Sometimes the truth can be very misleading. This is often the case with complex topics when an “expert” makes a narrow but accurate statement that is subsequently generalized by the lay public. This is a common phenomenon in the fields of Alzheimer’s and dementia.
Here are five examples of true statements that have been so commonly misinterpreted that they have spawned five harmful yet well-entrenched myths.
Narrow Truth: There is no cure for AD.
General Myth: Because there is no cure, nothing can be done for patients diagnosed with this disease.
Like diabetes and hypertension, we cannot yet cure Alzheimer’s disease. However, physicians can intervene and manage the symptoms with more success than most headlines would indicate. In fact, with a timely diagnosis, a physician can prescribe a treatment plan including pharmaceutical therapy, improved diet, physical exercise, mental and social activity, and certain OTC supplements. When this approach is combined with an educated caregiver, disease progression can be commonly slowed for some meaningful period of time.
Narrow Truth: The only certain method for diagnosing Alzheimer’s disease is to inspect a sample of brain tissue during autopsy.
General Myth: Alzheimer’s disease cannot be accurately diagnosed until death.
If “certain” means 100% accuracy, then there is no certain diagnostic method for many well known diseases (Lou Gehrigs disease springs immediately to mind). However, physicians following published diagnostic guidelines can get a highly accurate diagnosis of Alzheimer’s disease (90%-95), even at a fairly early stage of the disease. This diagnostic accuracy is on par with commonly accepted clinical practice.
Narrow Truth: Current treatments do not stop the progression of AD.
General Myth: Since the disease will continue to progress, there is no need to bother with treatment.
There is no doubt that reversing all memory loss would be the best treatment result and halting further memory loss would be better than ongoing decline. However, this does not mean that slowing the pace of further decline is not a worthy pursuit. We all want better treatment options in the future but until they arrive, preserving quality of life during a patient’s final years is definitely a worthwhile and attainable goal.
Narrow Truth: Cognitive decline is a part of normal aging.
General Myth: Pronounced cognitive deficits just need to be expected and tolerated
As we age, all of our organic functions tend to slow. Our ability to think, make calculations, use judgment, and store and retrieve information is not immune to this process. However, a pronounced loss of cognitive capacity severe enough to impact a person’s ability to lead an independent life is not normal. When such decline occurs, there is some underlying pathological explanation that can be identified and treated by a physician. Accepting significant loss of mental function as a normal artifact of aging is a tragedy.

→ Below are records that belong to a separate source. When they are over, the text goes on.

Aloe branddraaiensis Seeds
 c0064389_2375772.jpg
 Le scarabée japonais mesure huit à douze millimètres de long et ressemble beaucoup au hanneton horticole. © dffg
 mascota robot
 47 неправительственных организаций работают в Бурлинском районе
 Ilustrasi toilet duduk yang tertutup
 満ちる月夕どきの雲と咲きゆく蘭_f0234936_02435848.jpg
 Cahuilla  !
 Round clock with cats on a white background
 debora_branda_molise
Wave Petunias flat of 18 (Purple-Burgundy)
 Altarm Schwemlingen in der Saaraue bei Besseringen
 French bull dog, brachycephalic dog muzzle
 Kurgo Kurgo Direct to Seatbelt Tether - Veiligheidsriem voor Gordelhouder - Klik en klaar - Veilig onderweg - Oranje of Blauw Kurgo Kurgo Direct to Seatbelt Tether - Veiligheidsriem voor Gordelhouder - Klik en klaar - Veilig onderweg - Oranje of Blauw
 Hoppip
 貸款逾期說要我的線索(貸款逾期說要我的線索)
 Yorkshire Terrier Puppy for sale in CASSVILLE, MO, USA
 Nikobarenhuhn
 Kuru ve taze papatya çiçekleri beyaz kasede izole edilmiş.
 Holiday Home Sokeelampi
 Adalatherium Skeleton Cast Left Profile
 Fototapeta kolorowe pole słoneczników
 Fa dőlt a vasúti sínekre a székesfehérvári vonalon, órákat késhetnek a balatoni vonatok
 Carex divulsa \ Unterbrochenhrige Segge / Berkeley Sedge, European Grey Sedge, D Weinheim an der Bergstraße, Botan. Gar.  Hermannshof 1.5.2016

Narrow Truth: It’s best not to know if you have Alzheimer’s disease
General Myth: It’s best if the problem stays undiagnosed
This final “truth” is a stretch to begin with. I can imagine that, if it were possible, an Alzheimer’s patient might enjoy life more if they could receive the highest standards of care without ever knowing they had a terrible disease. However, this does not make the case that the problem should be ignored. The published evidence in favor of managing the symptoms and prolonging a higher quality of life outweighs the presumed benefits of bliss. Additionally, patients need to know about their condition if they are to participate meaningfully in their own care and end of life decisions.
I hear and read these narrow “truths” in the media everyday. I also see first hand how the public mischaracterizes them and takes away a broader and more harmful message than is intended.
Education remains a major barrier between our current ability to care for AD patients and the higher standards that are within our immediate grasp. I hope we can begin to divorce ourselves from these sound bites of misleading truth and begin to see the Alzheimer’s picture with more clarity.